Para comprender la situación actual de Venezuela basta con revisar el proceso político iniciado en 1998 con la llegada de Hugo Chávez al poder. Bajo la promesa de una transformación estructural, se impulso una nueva Constitución y un modelo de concentración progresiva del poder que incluyó expropiaciones masivas, control estatal de sectores estratégicos y la eliminación de límites a la reelección. Tras su muerte, en 2013, Nicolas Maduro condujo al país a una crisis económica y social sin precedentes.

Según Amnistía Internacional, durante la dictadura se registraron más de 17.900 detenciones con fines políticos y se estima que aún existen más de 900 presos políticos. Human Rights Watch documenta más de 200 muertes en protestas y represiones, así como miles de ejecuciones extrajudiciales en operativos de seguridad, además, Naciones Unidas señalo la existencia de desapariciones forzadas, tortura y violaciones sistemáticas a los derechos humanos.

ACNUR estima que casi 8 millones de venezolanos se encuentran desplazados fuera de su país. A nivel interno, el 73% de la población vive en pobreza y más de un tercio en pobreza extrema. En paralelo, más de 1.300 empresas privadas fueron expropiadas y alrededor de 400 medios de comunicación fueron cerrados o censurados.

Ante la reciente incursión de Estados Unidos para la detención de Nicolás Maduro saltándose lo establecido en la Carta de las Naciones Unidas basada en la soberanía de los estados y en el principio de no intervención, así como la autorización requerida por parte del Congreso norteamericano, abre el debate sobre la legalidad de las acciones realizadas.
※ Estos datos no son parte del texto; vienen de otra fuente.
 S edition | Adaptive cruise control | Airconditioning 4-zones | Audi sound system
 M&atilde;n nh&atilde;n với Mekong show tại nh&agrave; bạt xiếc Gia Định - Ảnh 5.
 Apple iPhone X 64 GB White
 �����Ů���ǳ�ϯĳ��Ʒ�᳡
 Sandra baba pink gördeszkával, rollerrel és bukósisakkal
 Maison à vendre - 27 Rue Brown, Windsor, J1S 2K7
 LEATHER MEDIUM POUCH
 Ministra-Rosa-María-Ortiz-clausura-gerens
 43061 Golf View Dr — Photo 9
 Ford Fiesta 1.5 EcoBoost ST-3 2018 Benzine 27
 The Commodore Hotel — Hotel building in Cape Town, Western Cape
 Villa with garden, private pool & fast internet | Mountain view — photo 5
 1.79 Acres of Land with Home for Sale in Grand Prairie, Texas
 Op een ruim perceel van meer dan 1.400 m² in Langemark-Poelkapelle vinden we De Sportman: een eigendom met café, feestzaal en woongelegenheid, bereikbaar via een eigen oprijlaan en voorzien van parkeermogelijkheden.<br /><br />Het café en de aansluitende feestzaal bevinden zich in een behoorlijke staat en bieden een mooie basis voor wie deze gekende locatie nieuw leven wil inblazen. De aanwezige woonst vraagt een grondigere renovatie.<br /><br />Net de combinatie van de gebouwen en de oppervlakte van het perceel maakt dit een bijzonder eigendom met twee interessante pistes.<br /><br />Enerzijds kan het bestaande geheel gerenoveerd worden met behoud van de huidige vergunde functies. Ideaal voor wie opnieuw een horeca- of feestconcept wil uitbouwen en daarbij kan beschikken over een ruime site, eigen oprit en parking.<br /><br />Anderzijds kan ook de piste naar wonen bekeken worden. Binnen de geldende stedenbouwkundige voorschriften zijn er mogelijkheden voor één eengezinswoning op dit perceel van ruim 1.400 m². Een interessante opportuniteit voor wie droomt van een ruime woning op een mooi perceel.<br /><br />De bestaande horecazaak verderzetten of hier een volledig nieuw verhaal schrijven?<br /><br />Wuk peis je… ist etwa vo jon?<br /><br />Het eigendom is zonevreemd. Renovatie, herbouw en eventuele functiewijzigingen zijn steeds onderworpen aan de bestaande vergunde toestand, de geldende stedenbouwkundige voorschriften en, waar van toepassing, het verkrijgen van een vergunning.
Si bien la incursión de Estados Unidos es condenable desde el derecho internacional y plantea serios cuestionamientos, también es innegable que fue la única acción real y concreta para poner fin a una dictadura que por más de dos décadas resistió sanciones, condenas diplomáticas y pronunciamientos multilaterales sin consecuencias efectivas.

Se profundiza en las declaraciones del presidente Donald Trump en relación al control de los recursos petroleros, mismos que por más de 25 años han sido “entregados” a Cuba, Nicaragua, Irán, Rusia y China aliados ideológicos de la dictadura, sin que eso haya supuesto algún beneficio para la población venezolana, todo lo contrario, porque mientras el pueblo sufre de pobreza, esos países se benefician, entonces, ¿por qué no nos cuestionamos y condenamos cuando esto sucedía a vista y paciencia de la comunidad internacional, mientras el régimen aprendía y asesinaba a su pueblo? Aquí no hay héroes, hay intereses por recursos y siempre los habrá en ambos bandos, la diferencia está en la bandera, en quien lo dice con claridad – y se podría decir que hasta con descaro – y quienes han estado tomándolo por décadas por el simple hecho de ser aliados ideológicos del régimen.

Pero más allá del tema del control del petróleo debemos centrarnos sobre las interrogantes más importantes, ¿Será suficiente la detención de Maduro para poner fin a la dictadura? ¿Continuaran figuras claves del chavismo – como Delcy Rodríguez, Diosdado Cabello y Vladimir Padrino – en el poder? ¿Llegara la tan esperada libertad para el pueblo Venezolano? ¿Será esto solo otra ilusión por recuperar la democracia que se esfumara como sucedió anteriormente? ¿Podremos ver a Edmundo González ejercer como presidente Venezolano desde Miraflores?

Por el momento no hay un panorama claro, el posicionamiento de figuras claves del chavismo y la “intención” de Washington de trabajar con ellas  dan a entender que el músculo chavista continua con fuerza y que la detención de maduro no es suficiente para ponerle fin a 26 años de dictadura.

Detención que, por sí sola no garantiza la llegada inmediata de la democracia. Venezuela necesita una transformación profunda de su aparato institucional. Sin una depuración real del poder, sin la reconstrucción de la independencia de los poderes del Estado, sin un Consejo Electoral creíble y sin justicia para las víctimas, cualquier transición corre el riesgo de convertirse en una mera administración del mismo régimen bajo nuevas formas.

El caso venezolano deja una lección incómoda pero necesaria: condenar desde el privilegio, sin ofrecer soluciones reales y concretas, no es una defensa de principios, es una muestra de la falta de empatía con el pueblo venezolano. Hoy, el desafío no es solo celebrar la caída de un líder, sino garantizar que esta vez la libertad no vuelva a quedarse en el discurso, y que la democracia tan anhelada no sea nuevamente una promesa incumplida.